Materials provided:
====================
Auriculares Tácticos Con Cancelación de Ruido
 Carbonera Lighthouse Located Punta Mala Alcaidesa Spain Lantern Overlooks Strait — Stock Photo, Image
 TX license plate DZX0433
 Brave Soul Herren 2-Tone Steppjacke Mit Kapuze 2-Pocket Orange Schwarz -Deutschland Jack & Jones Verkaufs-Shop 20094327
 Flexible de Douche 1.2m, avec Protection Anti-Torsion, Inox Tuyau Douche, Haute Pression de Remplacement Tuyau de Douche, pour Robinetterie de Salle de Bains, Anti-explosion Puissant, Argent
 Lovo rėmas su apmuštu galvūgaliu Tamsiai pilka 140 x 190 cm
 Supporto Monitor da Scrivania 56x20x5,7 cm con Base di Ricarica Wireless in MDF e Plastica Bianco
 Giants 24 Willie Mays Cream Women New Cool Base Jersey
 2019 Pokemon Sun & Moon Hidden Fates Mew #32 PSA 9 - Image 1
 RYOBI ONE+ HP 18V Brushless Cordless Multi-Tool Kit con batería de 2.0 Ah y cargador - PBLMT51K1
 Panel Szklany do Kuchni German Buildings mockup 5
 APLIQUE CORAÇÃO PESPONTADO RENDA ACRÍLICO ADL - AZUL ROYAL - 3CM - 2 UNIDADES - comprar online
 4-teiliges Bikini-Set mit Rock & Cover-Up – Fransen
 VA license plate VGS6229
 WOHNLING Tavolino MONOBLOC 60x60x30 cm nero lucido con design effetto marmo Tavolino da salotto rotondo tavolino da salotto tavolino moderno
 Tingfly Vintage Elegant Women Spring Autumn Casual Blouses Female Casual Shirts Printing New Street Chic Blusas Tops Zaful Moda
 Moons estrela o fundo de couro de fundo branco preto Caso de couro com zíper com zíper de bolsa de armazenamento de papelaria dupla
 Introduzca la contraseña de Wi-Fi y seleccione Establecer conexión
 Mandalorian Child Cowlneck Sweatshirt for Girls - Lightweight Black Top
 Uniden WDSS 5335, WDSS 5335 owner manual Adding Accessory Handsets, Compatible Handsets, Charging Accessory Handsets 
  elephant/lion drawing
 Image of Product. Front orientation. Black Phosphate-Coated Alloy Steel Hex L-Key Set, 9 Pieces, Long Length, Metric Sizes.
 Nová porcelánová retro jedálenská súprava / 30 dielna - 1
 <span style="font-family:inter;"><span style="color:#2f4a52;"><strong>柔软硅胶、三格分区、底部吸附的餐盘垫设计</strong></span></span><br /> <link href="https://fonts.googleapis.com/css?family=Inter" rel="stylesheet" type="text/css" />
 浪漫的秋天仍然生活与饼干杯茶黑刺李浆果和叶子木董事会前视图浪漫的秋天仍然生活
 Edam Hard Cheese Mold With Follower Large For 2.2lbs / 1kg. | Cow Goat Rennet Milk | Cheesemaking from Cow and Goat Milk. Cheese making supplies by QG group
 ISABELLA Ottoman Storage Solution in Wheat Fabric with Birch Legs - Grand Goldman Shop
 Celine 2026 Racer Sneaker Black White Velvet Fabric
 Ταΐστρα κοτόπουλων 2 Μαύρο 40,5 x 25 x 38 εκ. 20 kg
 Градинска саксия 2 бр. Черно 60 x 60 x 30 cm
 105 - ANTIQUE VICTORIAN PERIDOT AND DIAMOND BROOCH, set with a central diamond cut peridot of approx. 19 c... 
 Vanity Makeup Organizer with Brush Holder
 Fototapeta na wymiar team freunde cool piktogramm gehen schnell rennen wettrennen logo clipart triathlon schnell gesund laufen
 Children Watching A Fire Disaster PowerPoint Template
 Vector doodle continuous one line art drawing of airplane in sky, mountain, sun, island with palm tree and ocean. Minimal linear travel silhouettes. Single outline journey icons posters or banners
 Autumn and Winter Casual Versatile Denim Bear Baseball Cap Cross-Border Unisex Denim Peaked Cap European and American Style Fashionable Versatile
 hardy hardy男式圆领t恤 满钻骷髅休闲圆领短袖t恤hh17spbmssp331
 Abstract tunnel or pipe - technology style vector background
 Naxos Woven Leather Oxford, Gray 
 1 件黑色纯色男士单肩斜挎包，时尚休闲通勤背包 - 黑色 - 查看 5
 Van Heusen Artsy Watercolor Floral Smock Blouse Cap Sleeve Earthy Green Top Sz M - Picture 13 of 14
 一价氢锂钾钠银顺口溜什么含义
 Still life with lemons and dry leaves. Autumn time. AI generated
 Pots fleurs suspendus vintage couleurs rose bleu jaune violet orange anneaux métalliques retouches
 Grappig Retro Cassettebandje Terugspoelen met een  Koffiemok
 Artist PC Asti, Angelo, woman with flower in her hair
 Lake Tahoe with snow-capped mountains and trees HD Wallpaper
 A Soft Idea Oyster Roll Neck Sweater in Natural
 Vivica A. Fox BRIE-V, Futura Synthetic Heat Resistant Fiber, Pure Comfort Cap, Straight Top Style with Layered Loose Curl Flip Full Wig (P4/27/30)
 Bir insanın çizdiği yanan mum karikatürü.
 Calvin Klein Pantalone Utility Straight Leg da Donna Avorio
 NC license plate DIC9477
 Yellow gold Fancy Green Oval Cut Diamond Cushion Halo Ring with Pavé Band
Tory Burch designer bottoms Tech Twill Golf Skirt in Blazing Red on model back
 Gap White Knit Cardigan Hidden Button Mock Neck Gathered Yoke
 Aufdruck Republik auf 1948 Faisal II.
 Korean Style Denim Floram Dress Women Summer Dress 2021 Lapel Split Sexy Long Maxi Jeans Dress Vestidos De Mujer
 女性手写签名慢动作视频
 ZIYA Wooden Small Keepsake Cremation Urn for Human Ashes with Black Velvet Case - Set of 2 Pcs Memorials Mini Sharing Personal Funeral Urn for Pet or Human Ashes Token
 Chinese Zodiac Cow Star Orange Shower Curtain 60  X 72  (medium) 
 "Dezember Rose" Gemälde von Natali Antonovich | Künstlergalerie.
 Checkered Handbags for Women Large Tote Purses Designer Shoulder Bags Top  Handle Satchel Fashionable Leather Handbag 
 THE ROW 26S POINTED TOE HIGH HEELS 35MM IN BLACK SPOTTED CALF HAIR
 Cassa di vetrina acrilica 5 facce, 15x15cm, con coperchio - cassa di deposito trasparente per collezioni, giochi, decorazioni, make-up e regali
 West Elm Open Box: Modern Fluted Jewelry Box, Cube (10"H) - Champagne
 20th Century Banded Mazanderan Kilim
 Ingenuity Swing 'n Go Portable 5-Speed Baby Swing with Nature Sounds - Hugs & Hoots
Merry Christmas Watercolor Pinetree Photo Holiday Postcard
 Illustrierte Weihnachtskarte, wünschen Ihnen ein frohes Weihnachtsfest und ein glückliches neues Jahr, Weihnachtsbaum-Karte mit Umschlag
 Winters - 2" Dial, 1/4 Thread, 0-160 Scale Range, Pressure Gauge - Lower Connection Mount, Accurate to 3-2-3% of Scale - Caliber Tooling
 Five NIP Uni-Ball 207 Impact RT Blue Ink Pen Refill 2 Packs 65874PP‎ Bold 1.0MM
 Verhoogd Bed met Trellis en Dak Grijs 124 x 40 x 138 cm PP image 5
====================
Exercise objective: From the data above, copy each line that has the string "Casual".

Answer:
 Tingfly Vintage Elegant Women Spring Autumn Casual Blouses Female Casual Shirts Printing New Street Chic Blusas Tops Zaful Moda
 Autumn and Winter Casual Versatile Denim Bear Baseball Cap Cross-Border Unisex Denim Peaked Cap European and American Style Fashionable Versatile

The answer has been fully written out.